In addition to being one of the premier bass players of his time, most widely known as a member of Béla Fleck and the Flecktones, Grammy winning bassist Victor Wooten also runs a successful music camp in Only, Tennessee. Wooten’s Center for Music and Nature at Wooten Woods Retreat originally focused on teaching music to bass players. Now in its 15th year, it has accommodated all instruments—voice, horns, keyboards, and more—for at least the last six years or so.
Wooten’s camps are unique in their philosophy and how they develop and teach music curriculum. Heavily influenced by the book The Tracker (Berkley Books, 1986) by Tom Brown, Jr., Wooten spent nearly 10 years studying under Brown and other instructors, learning the ancient art of tracking, awareness, and survival.

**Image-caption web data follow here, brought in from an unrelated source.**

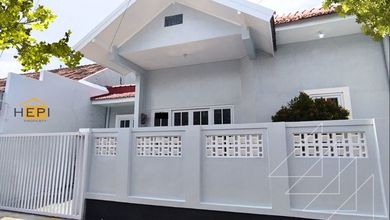 Jual Rumah Strategis di Tanah Mas, Semarang - LT 100m²
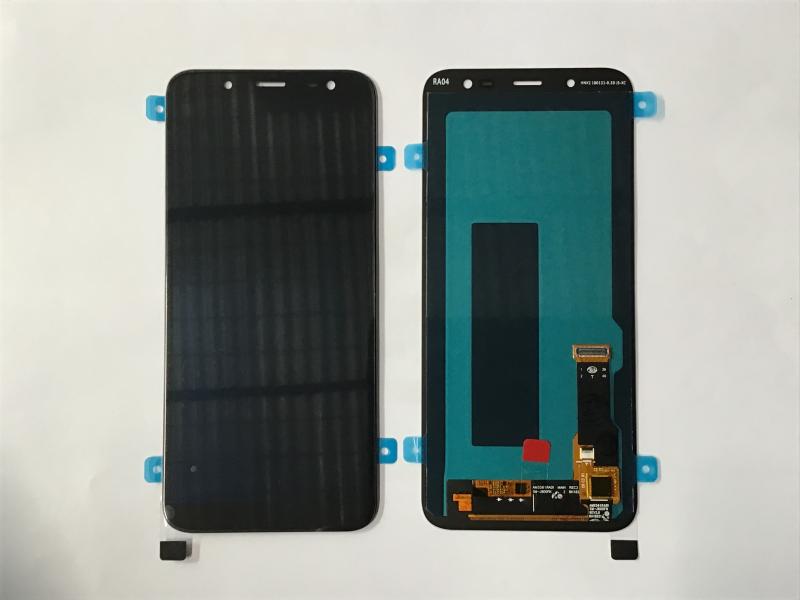 [PC-1088] Pantalla Samsung Galaxy J6 J600 Completa Negra OLED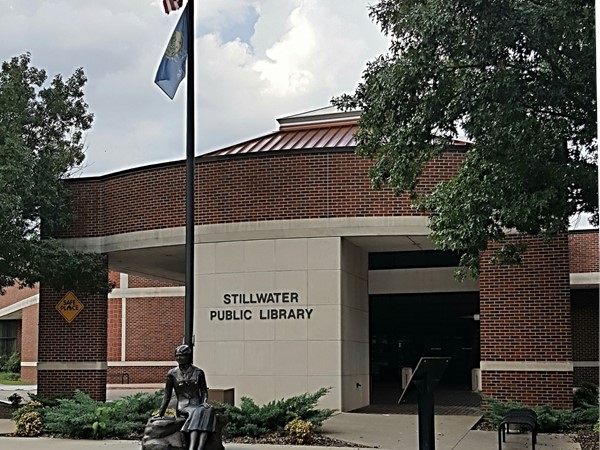 Stillwater Public Library is conveniently located in the heart of downtown Stillwater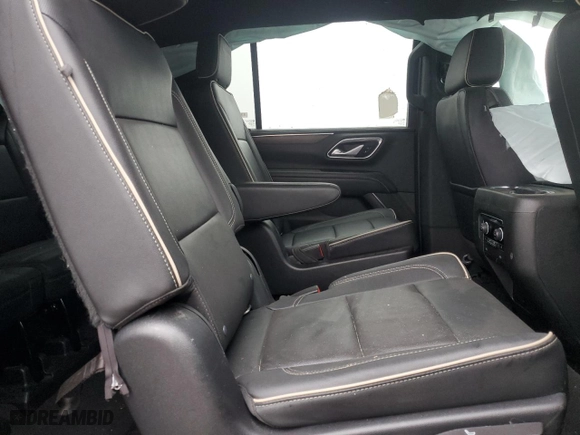 2022 Chevrolet Suburban Premier with VIN 1GNSKFKD7NR223670, listed as a Copart auction lot 43173095 with 58,256 mi miles and Non Repairable. Bid and sale history available at carsss.com. Image 11.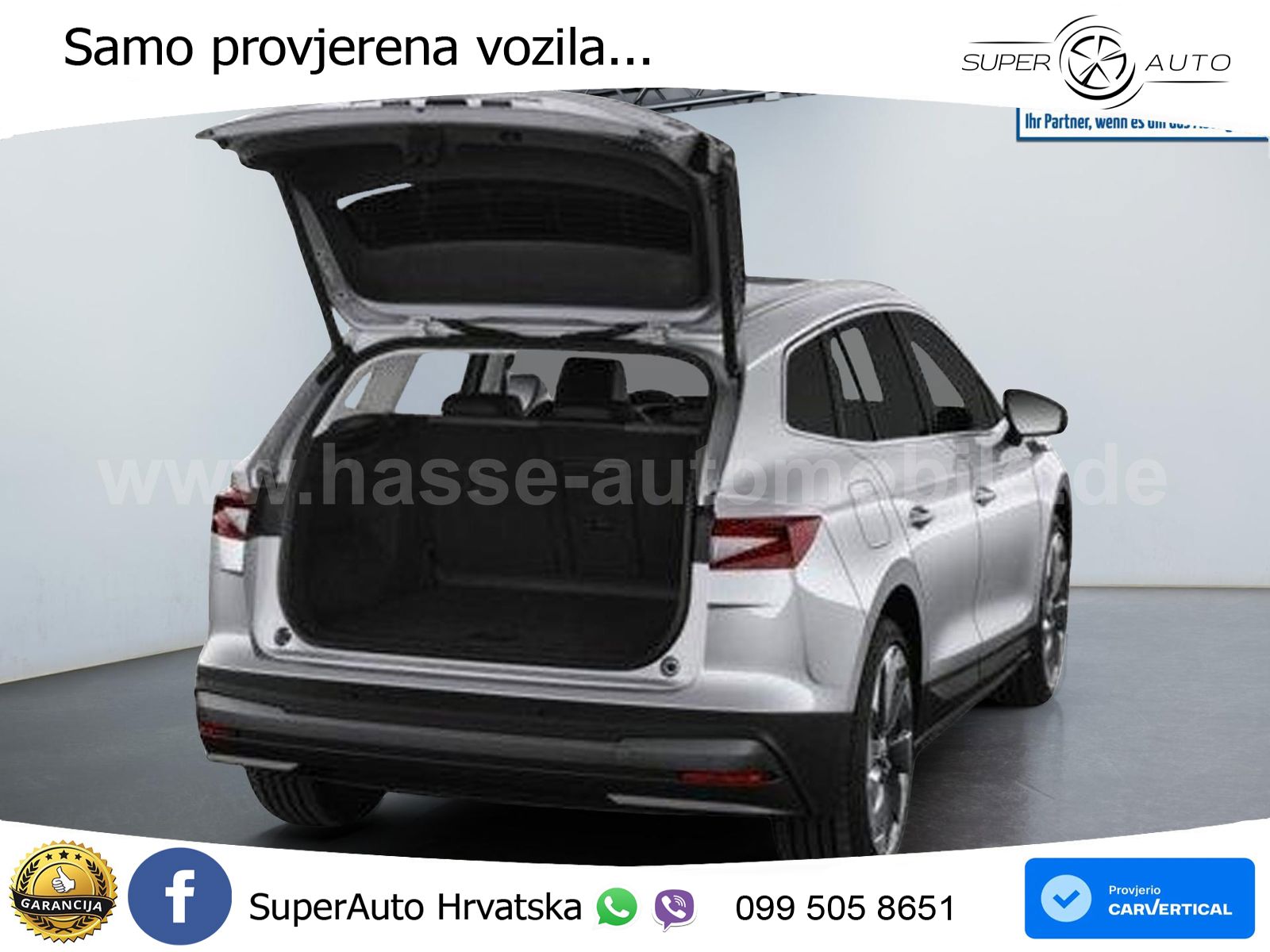 Škoda Enyaq iV 80x 82 kWh (265 KS) AWD SportLine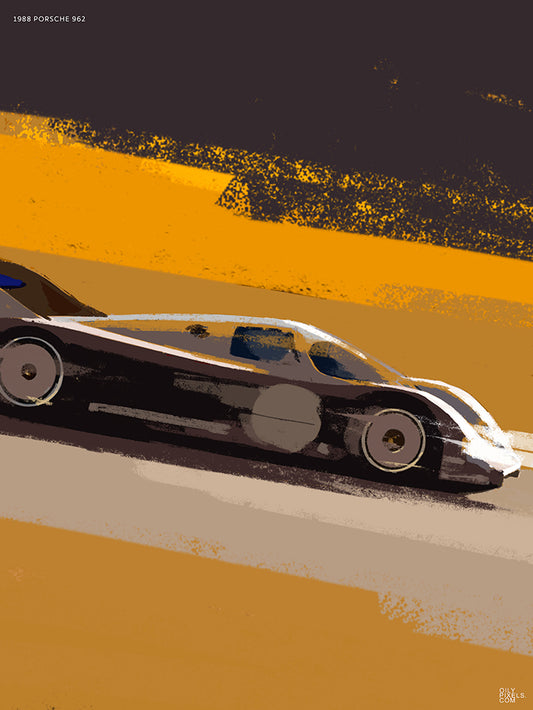 1988 PORSCHE 962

In his studies, Wooten found a common thread between music and nature and began borrowing and adapting the skills, techniques, and philosophies from his teachers. “If you’re trying to become natural at something what’s the most natural thing on the planet?” he asks. “Nature. You don’t have to teach a tree how to grow. A flower will go towards the sun; a bird will sing just because the sun comes up and it didn’t have to go to a conservatory to learn how to do it. A squirrel is born knowing how to build a nest. So why not make the most natural thing in the world our classroom?” The foundation of Wooten’s teaching curriculum combines practices based on this ideology with how he initially learned music—from his four older brothers (Regi, Roy, Rudy, and Joseph Wooten, all of whom are musicians). They began teaching Victor to play the bass when he was merely two years old.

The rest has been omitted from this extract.